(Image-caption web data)

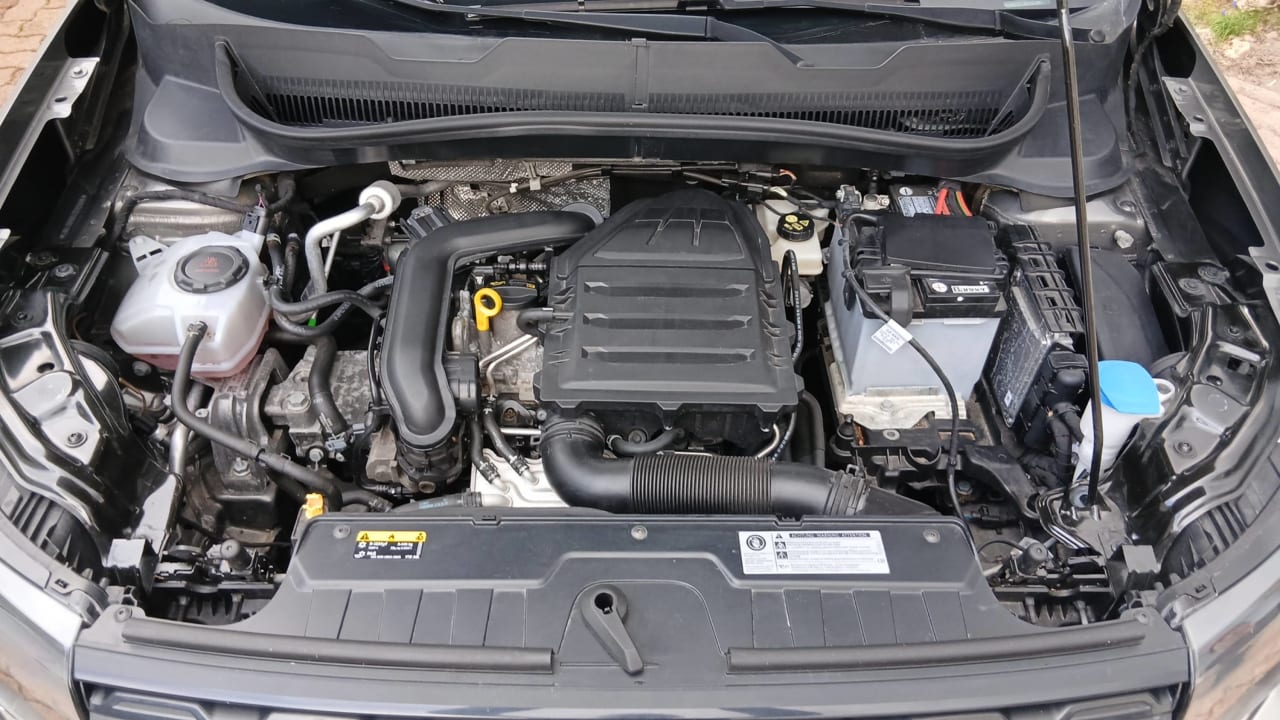 Photo du moteur 1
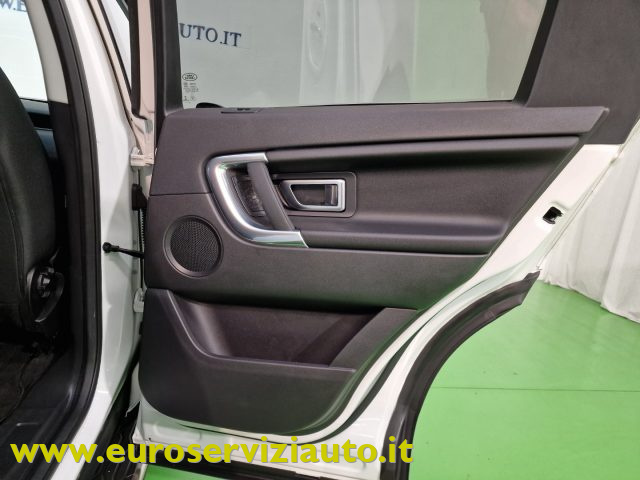 LAND ROVER Discovery Sport usata 45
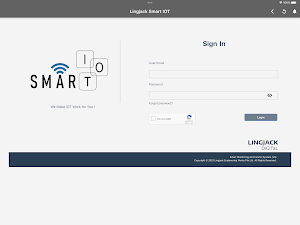 Lingjack Digital Smart IOT Screenshot 3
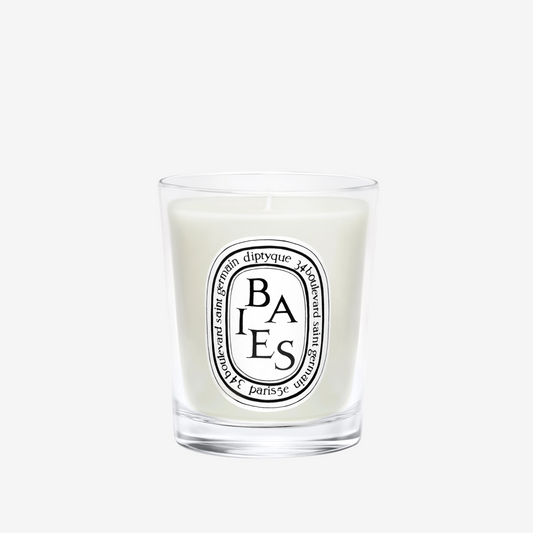 Diptyque - Small Candle  - Baies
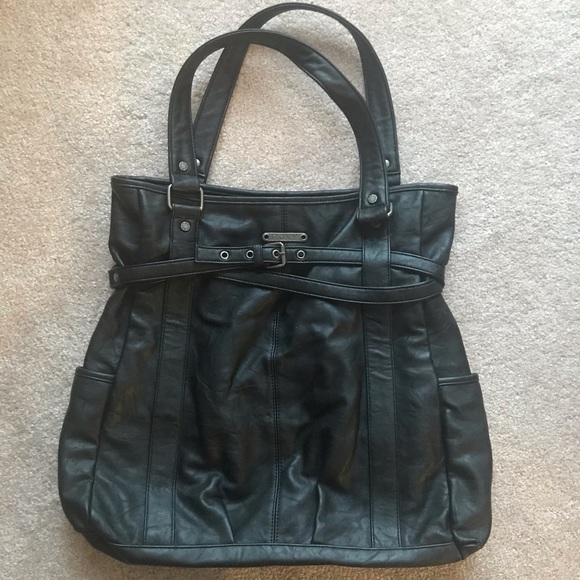⭐️4 for$20⭐️Roxy Tote Bag Black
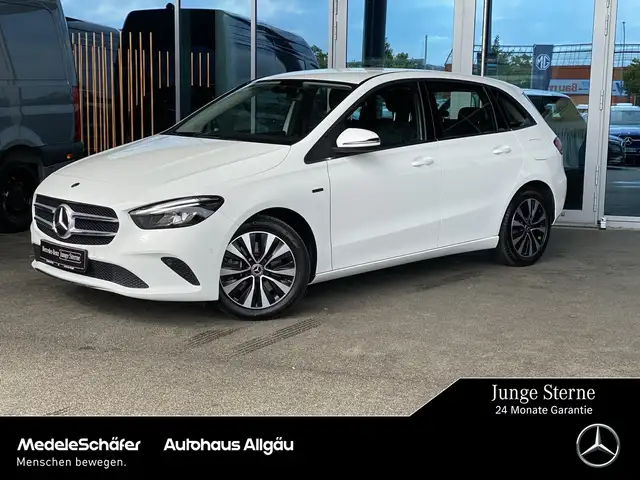 Mercedes-Benz B 250 B 250 e Style Memory Led Rückfahrkamera EasyPack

* [ACTIVITY] Could you output every record above exactly as written, leaving out the pictures?

* [EXERCISE RESULT]
 Photo du moteur 1
 LAND ROVER Discovery Sport usata 45
 Lingjack Digital Smart IOT Screenshot 3
 Diptyque - Small Candle  - Baies
⭐️4 for$20⭐️Roxy Tote Bag Black
 Mercedes-Benz B 250 B 250 e Style Memory Led Rückfahrkamera EasyPack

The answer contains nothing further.